The chilly fall air was a relief after the pressed heat of hundreds of bodies inside the palace of Ba Sing Se. The ice-packed home where Katara had grown up had saw to it that she didn't need the wrap about her shoulders, unlike most of the other women that night. Still she wore one, if only for appearance's sake.
She wasn't alone in the gardens; several other people walked alone or in groups--getting "air" as she was. Stopping on a bridge over one of the many ponds, Katara leaned against the rail and looked down into the water below. In the torchlight, it became a perfect mirror, showing to her the gray streaks in her hair and the laugh lines long since etched by her eyes and mouth.
The sound of footsteps on the bridge alerted her to his presence, but she didn't bother to turn. In another moment, the watery image of Zuko joined hers in the pond.
"I should have known you'd be out here," he said by way of greeting as he leaned his elbows against the rail. Though his hair had turned from brown to slate, and his mouth was framed by a thin beard that ran down to his chest, his smile still held the same shyness of years before. It was both strange and comforting, Katara thought, how little they had changed.
"You fire-benders are all alike," Katara mocked with a lift of her chin. "You seem to think we water-benders are so predictable."
"And you never disappoint us, do you?" He countered with a dry chuckle. She shared in his laugh, and spared a glance behind them at the doors to the ballroom. The party still raged, and she could imagine Aang still ensconced in the middle of it.
"He was dancing with Toph when I left," Zuko supplied.
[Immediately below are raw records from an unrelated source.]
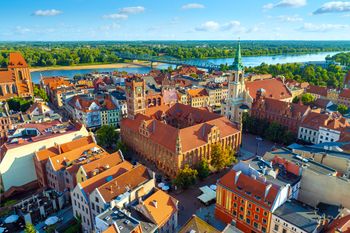 Pogoda w Toruniu. Prognoza na środę 1 lipca. Chmury i przelotne opady, po południu stopniowe rozpogodzenia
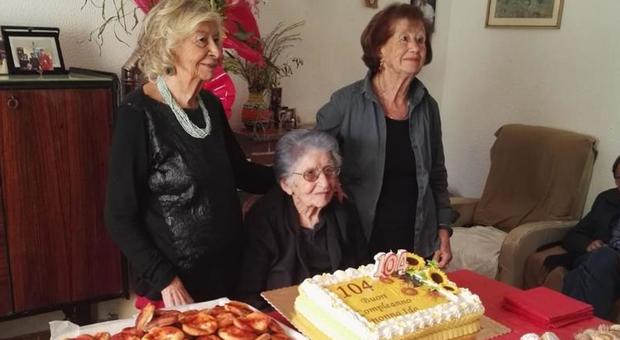 Pietro e Ida, 106 e 104 anni: ecco i nonnini centenari del Cilento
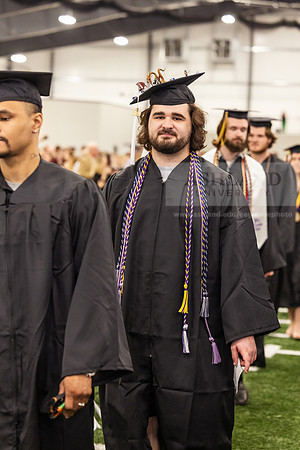 220SpGradProcessional0524CCP10236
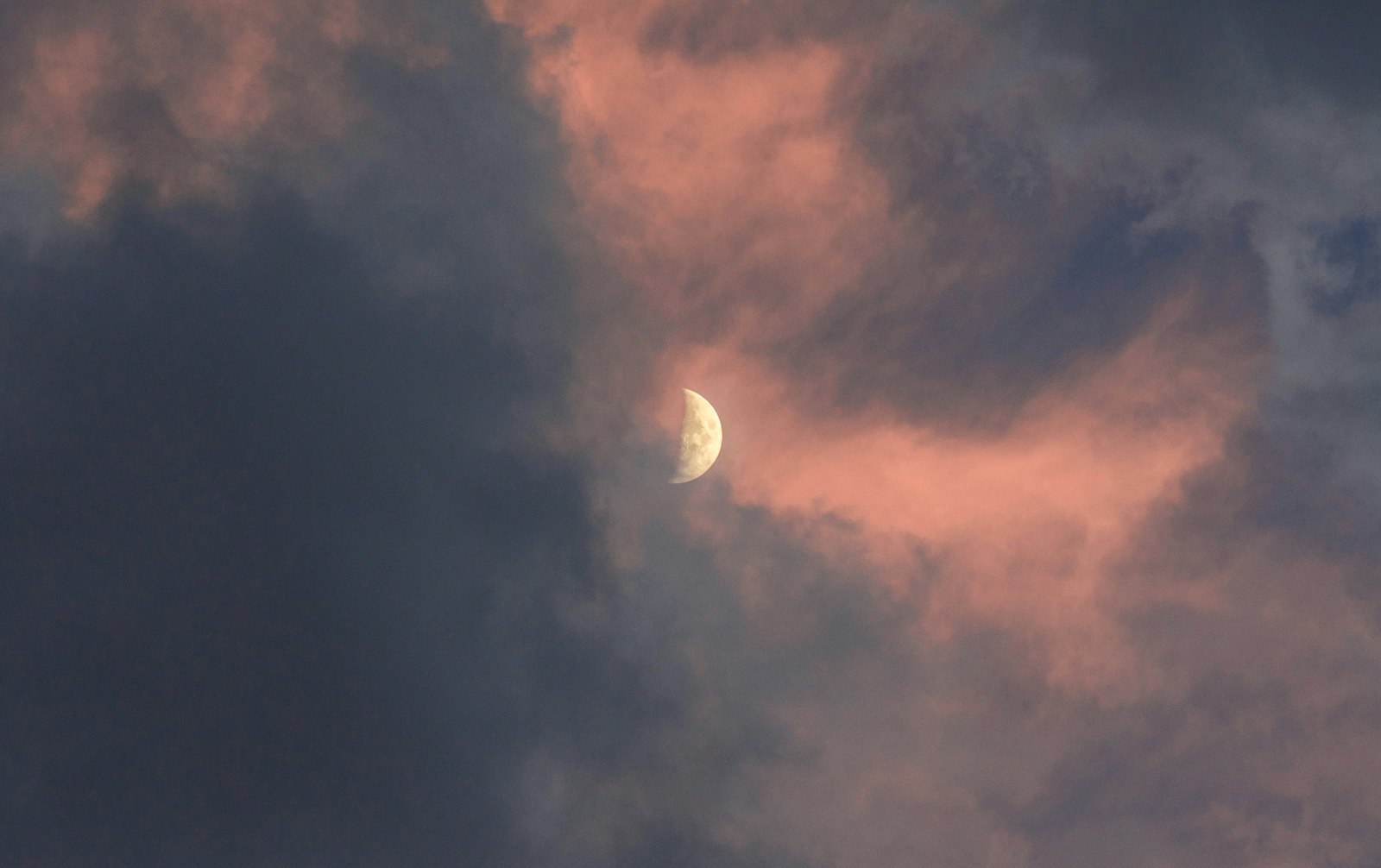 Nikon D5100 + Sigma 50-150mm F2.8 EX APO DC HSM II + 1.4x sample photo. Half-moon covered of clouds photography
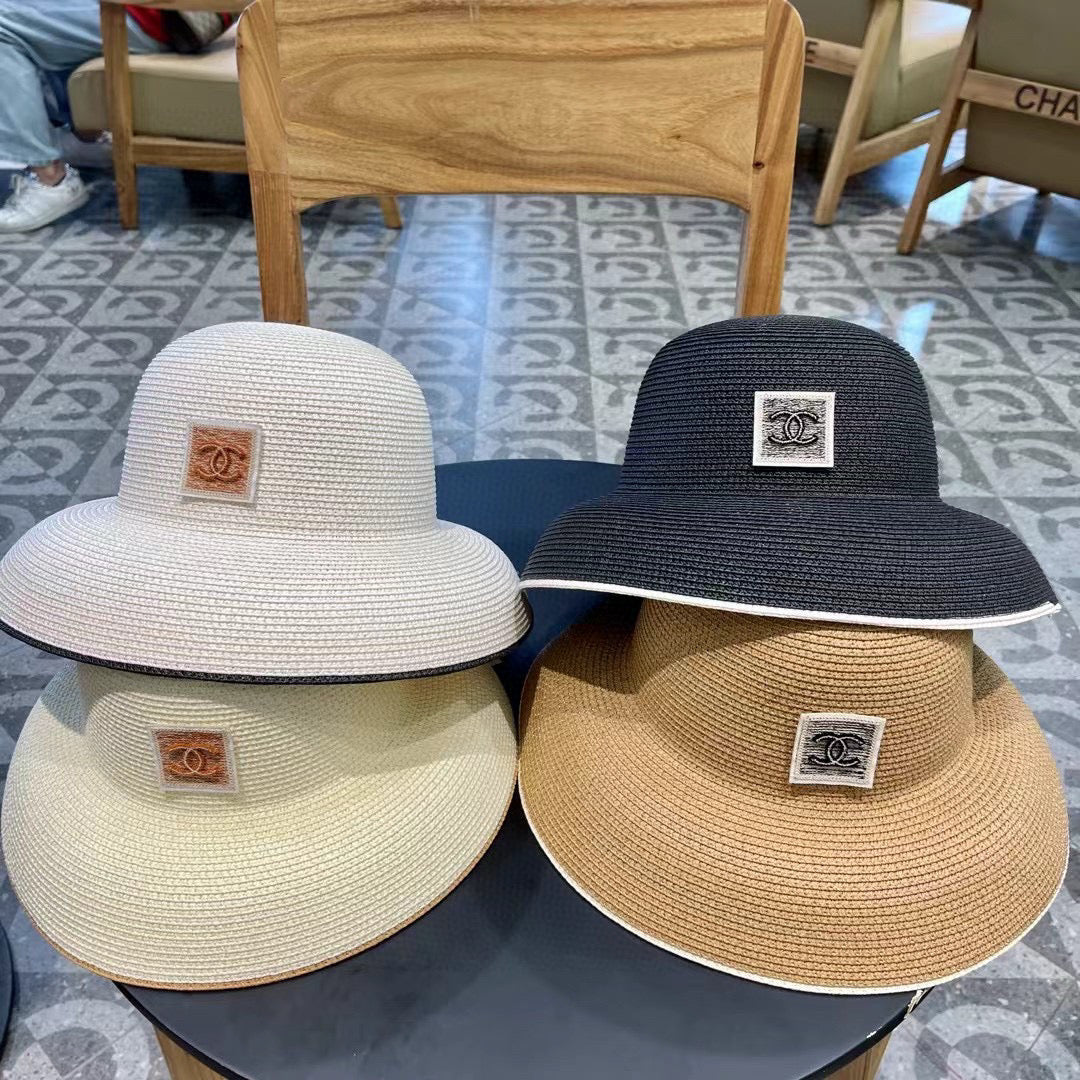 CHANEL STRAW CLOCHE HAT IVORY 672757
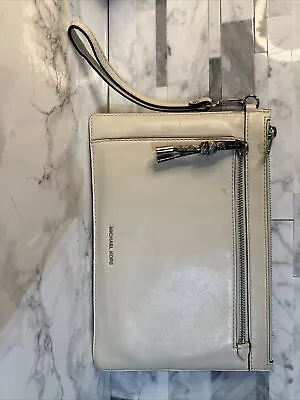 Michael Kors Wristlet Clutch White Leather Zip Up Zipper Ivory Cream • $29.99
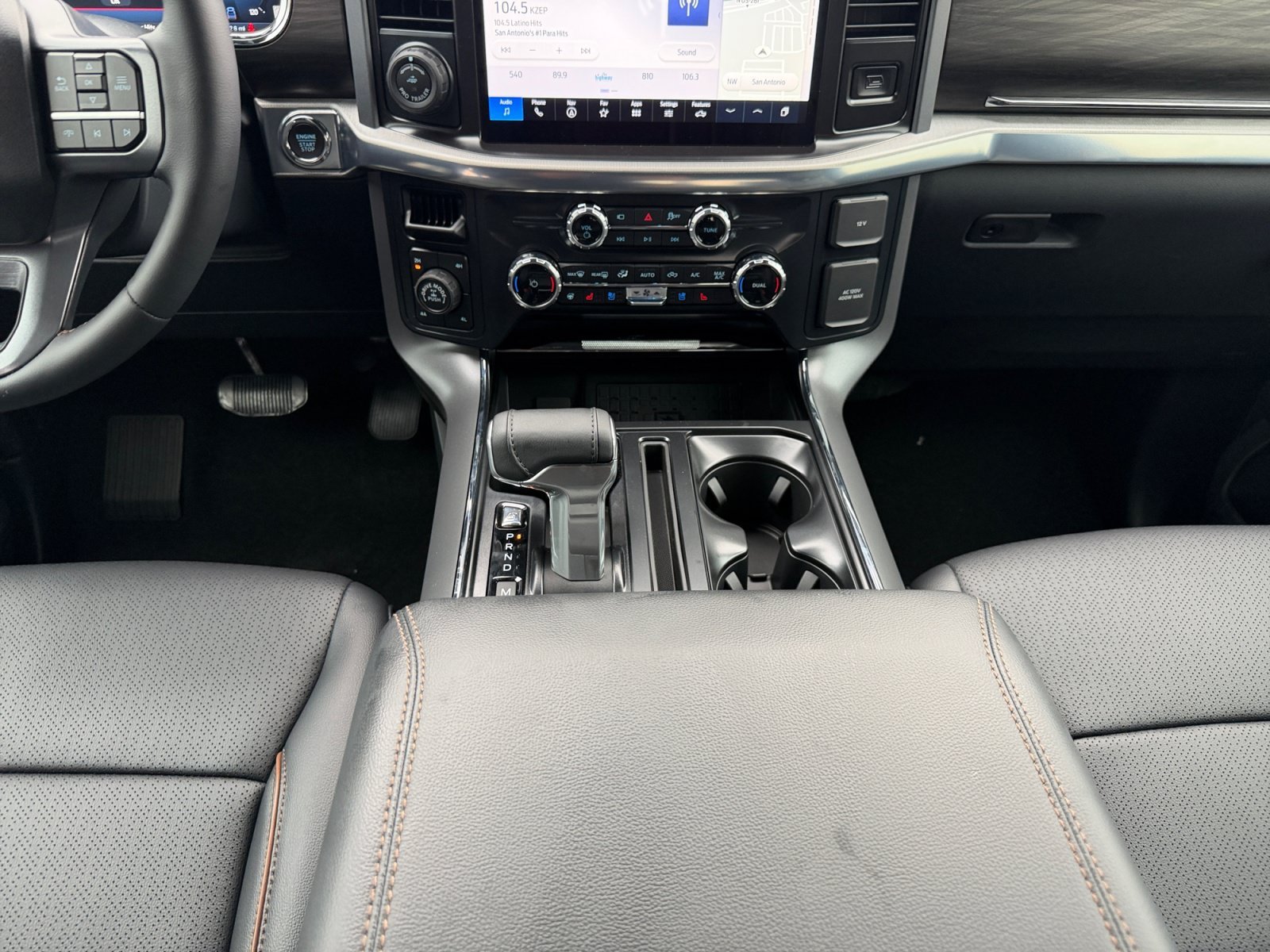 New 2026 Star White Metallic Tri-Coat Ford LARIAT image 12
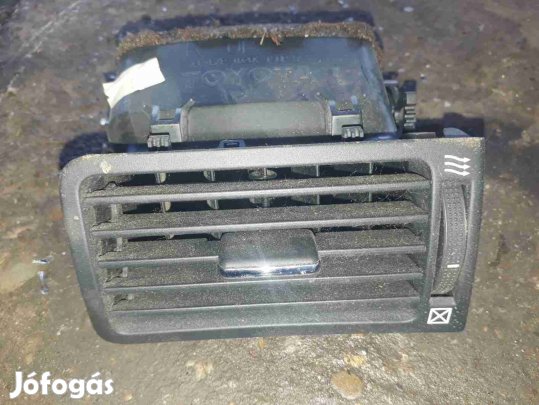 Toyota Corolla 00-06 Jobb Első Szellőző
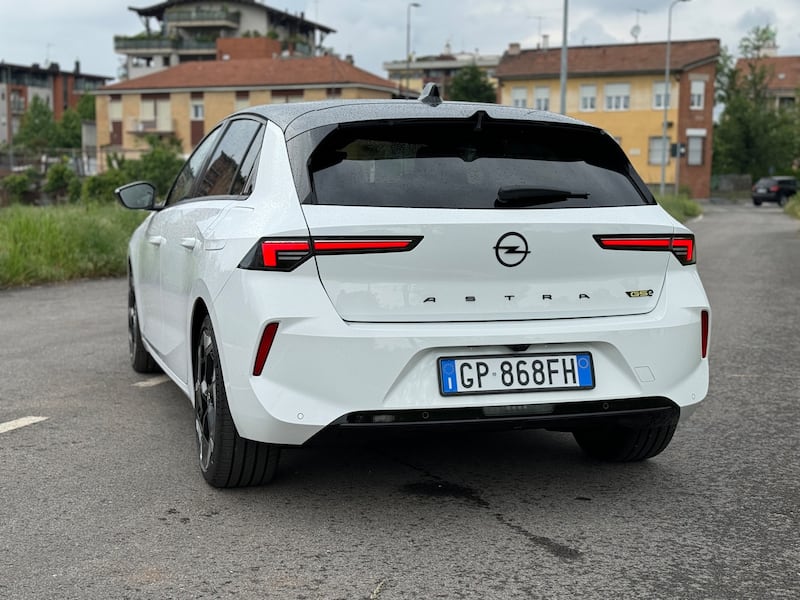Opel Astra GSe: guarda la gallery della nuova due volumi sportiva da 225 CV 8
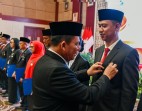 610 PNS Pemprov Kepri Terima Tanda Kehormatan Satyalancana Karya Satya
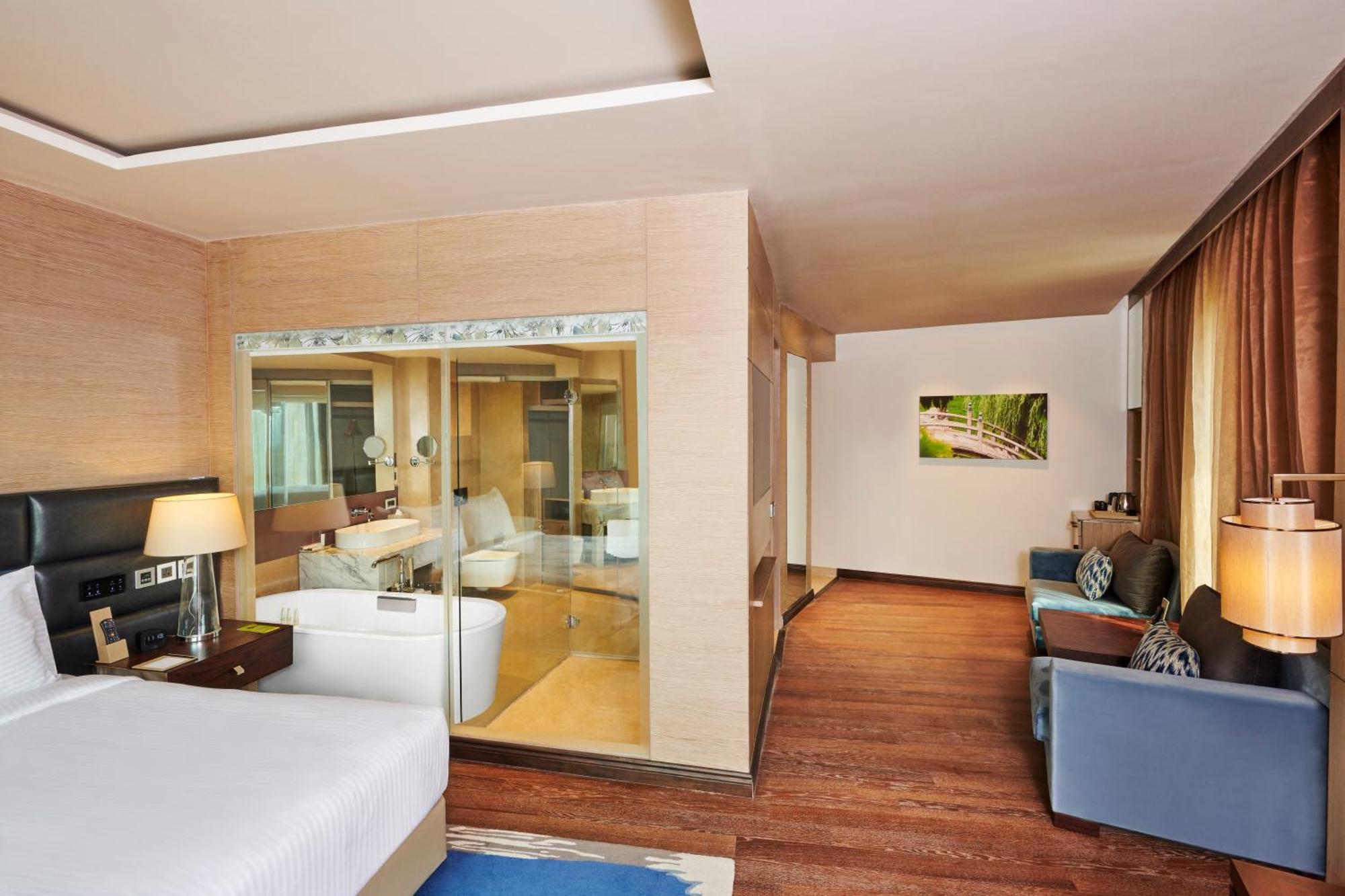 Hilton Garden Inn Lucknow Eksteriør bilde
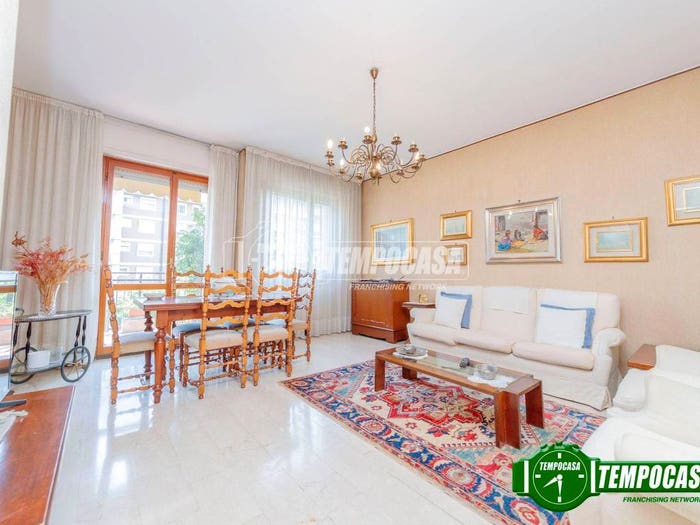 Appartamento trilocale in vendita in Via Sapri, Musocco, Milano
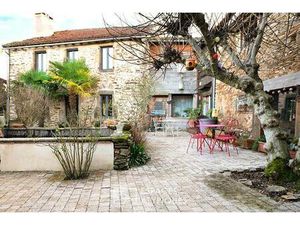 Corps de ferme atypique et bucolique proche d'Albi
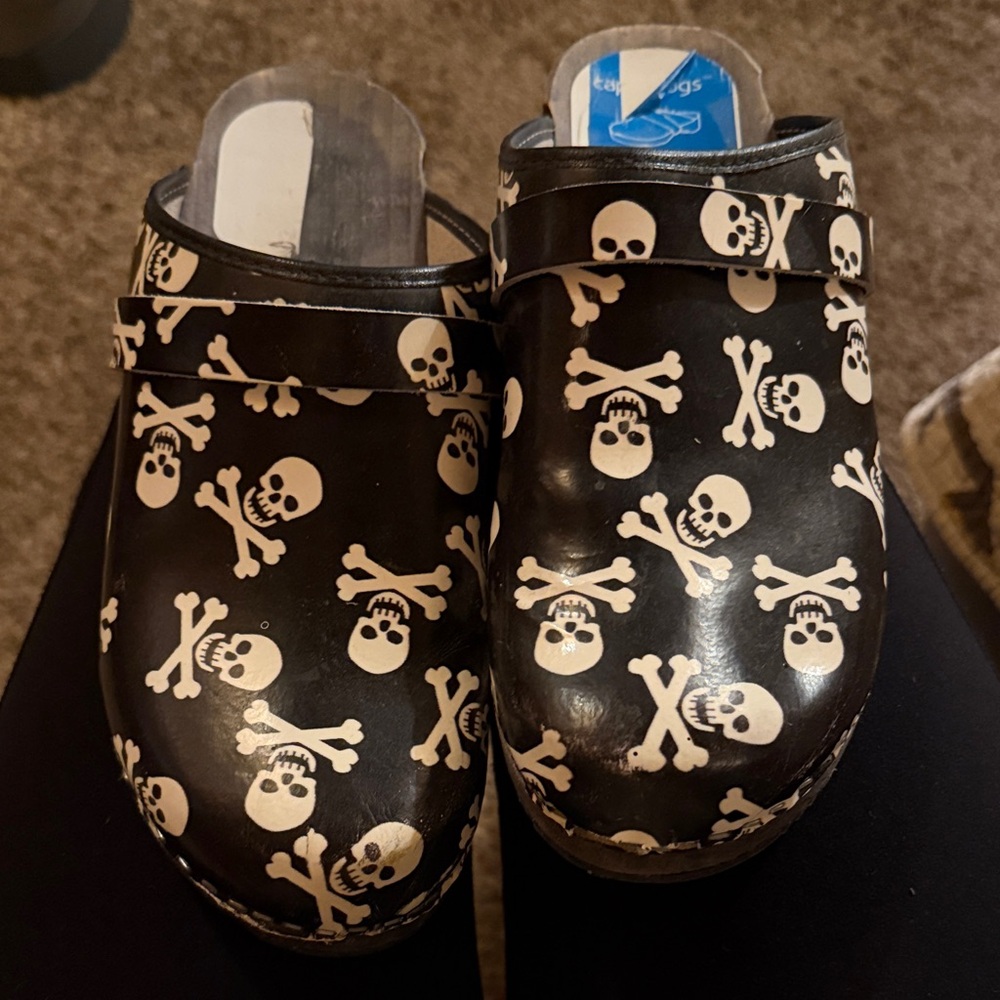 Skull Print Black Clogs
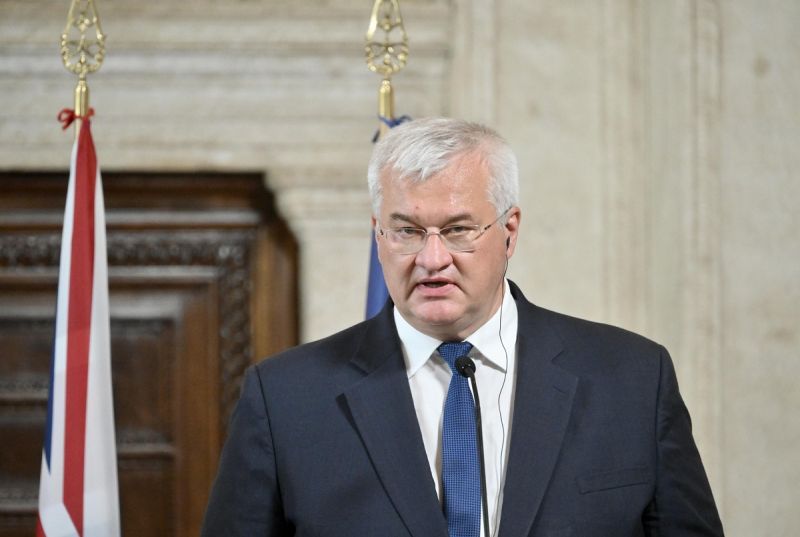 Орбан погрожує не пускати Україну до ЄС 100 років — Сибіга жорстко відреагував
Her cheeks heated as she looked at the Fire Lord, and she chuckled at herself. Perhaps she was that predictable. "How's Mai?"
Zuko seemed to wilt a few degrees and he jerked his gaze away. Folding his arms on the railing, he stared down into the water. "She's... better," he replied with care, "Stronger. Not enough to travel, but she was able to get herself out of bed a few times this past summer."
After a moment, he added with a hard swallow, "I didn't really want to come this year."
"Mmm," Katara hummed, "Have the doctors--"
"They don't know," Zuko cut her off, then winced. "Sorry, Katara, I didn't mean to..."
"It's okay," she assured him with a hand to his forearm. Zuko lifted his eyes to her and for a moment they caught her own. It was like sinking, she thought. A tug at the bottom of her stomach, pulling her downward.
In another moment, they'd each torn their gaze away; Zuko to the party, and she to the pond. Her reflection reminded her, even if her emotions denied it, that she was no longer a teenager; she had responsibilities, children, a husband whom she loved--and he had his wife, his kids, his country.
It was ridiculous, she reminded herself, and not for the first time. There was no reason--no logical reason--for her to be out here, with him.
"Mai is a fighter," she heard herself say, "She's pulled through worse."
"Thank you," he breathed. In the reflection below, he stared at her, and she at him. Then, he pushed away from the rail.
Zuko made it to the end of the bridge before he stopped and turned back to her. "Katara."
Katara lifted her head, catching his eyes once again, now that they were at a safe distance. He seemed to hesitate a moment before asking, in a quiet voice so that they would not be overheard. "Have you ever thought... if things had been different..."
"No," she breathed.
"Me neither," he agreed after a moment. Silence hung between them, a chasm neither dared to cross, and then, once again, he turned his back to her.
On his way inside, Zuko gave a curt nod to Aang as the Avatar made his way outside. Katara held her place, and when Aang neared her, she extended her hand for his. As her husband wrapped his arms about her, she knew that she was happy here... no matter that she wondered.